The undersecretary of defence charts the course at the Connact Defence & Security 2025 event, titled “Common European Defence: Financing and Industrial Integration, organized by Connact, the event platform that fosters discussion between private actors and institutions through moments of meeting and networking, and is precisely a space for discussion in this regard.
“There are too many fighters and too many different ones,” laments Perego of Cremnago in an attempt to explain how and to what extent the coexistence of 27 different systems is neither compatible nor sustainable with the changing needs dictated by changed international scenarios. “The excellent is the enemy of the good,” he points out. “Let’s start doing what is needed.” Developed in terms of integration, it means leaving the dream of a common European army, however lulled by the Italian government majority, in the background, to focus on goals more achievable in the short term.

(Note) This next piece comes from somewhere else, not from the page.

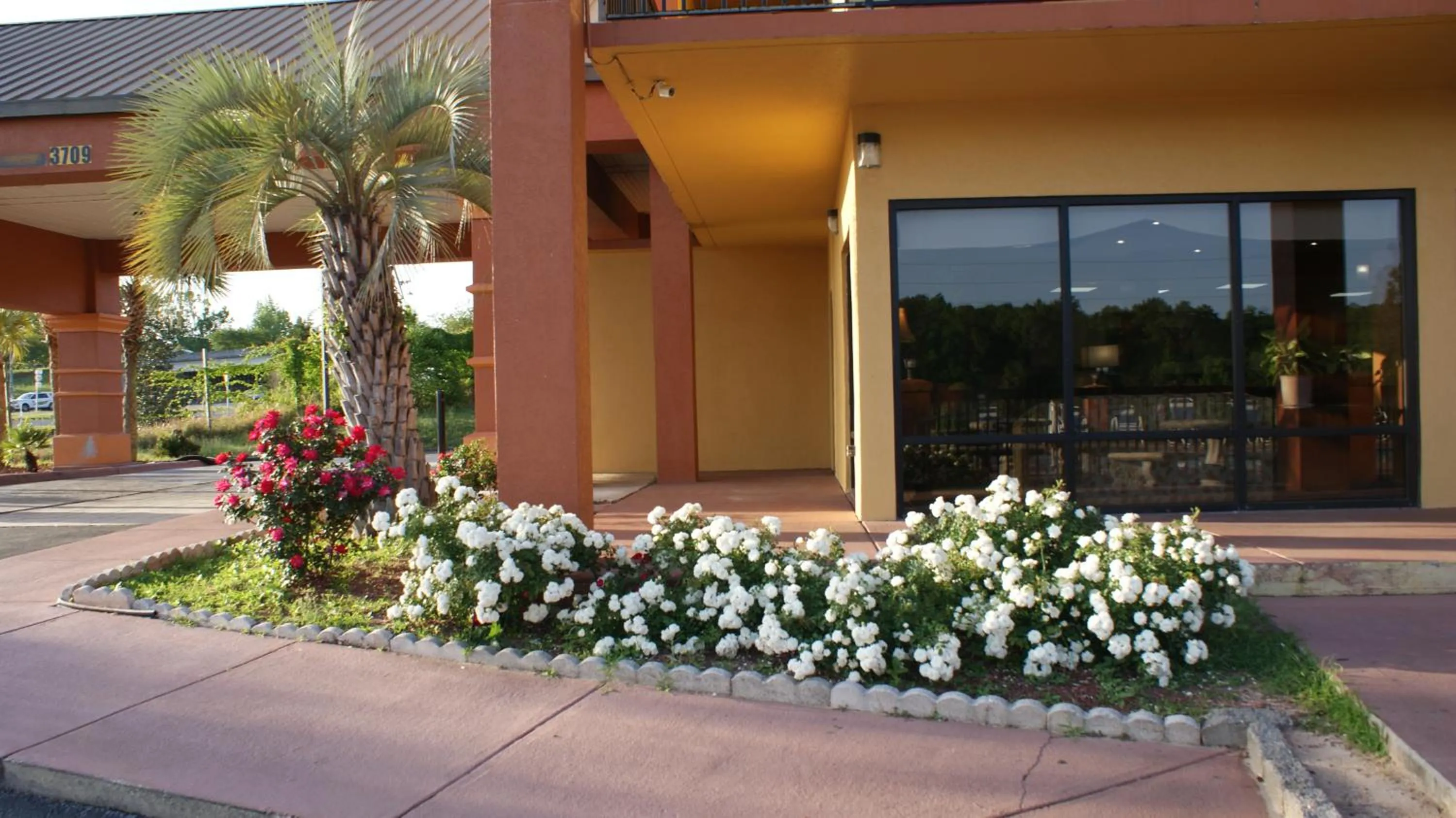 Property building in Home Town Inn & Suites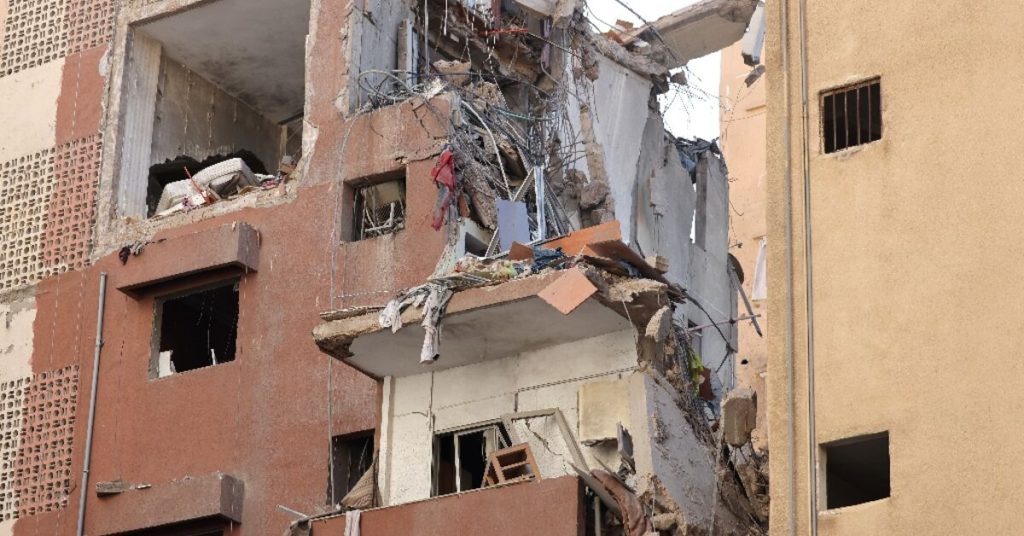 حزب الله يقول إن القائد الأعلى شكر كان في المبنى الذي ضربته إسرائيل في بيروت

“The right thing, I believe, is to strengthen the capacity of individual states and industrial cooperation,” insists the undersecretary of Defence, whose “creed” is also about the country. “On our own as Italians, we cannot compete, especially if we think about the big countries,” he says, citing Russia, China, and even more India. In the latter country, he points out and argues, “There are 700 million people with an average age of 25; who knows how many engineers the Indian state will produce.” The challenge is also this: in a Europe where the skilled workforce is scarce and the population ages, exposing it to structural economic weaknesses.
The government accepts this and other challenges related to the new defence agenda. “We support a program to strengthen our defence,” Cremnago’s Perego stresses again, convinced that European Commission initiatives are going in the right direction. “The 2030 readiness plan touches on things that need to be strengthened, such as new technologies and air defences, and on the other hand, it requires increasing the level of investment.”
The task is not an easy one. “Defence cannot be understood as welfare decline,” and at the same time—the undersecretary of defence acknowledges—revitalising the sector’s industry and European industrial integration of the sector means “investing substantial resources in a world where obsolescence is more frequent.” Because, he points out, “a drone today is obsolete after six months.” Moreover, a whole new circuit that requires the absorption of “external” manufacturing players needs to be created. “To innovation also contribute those companies that normally do not deal with defence but can bring technological innovation.”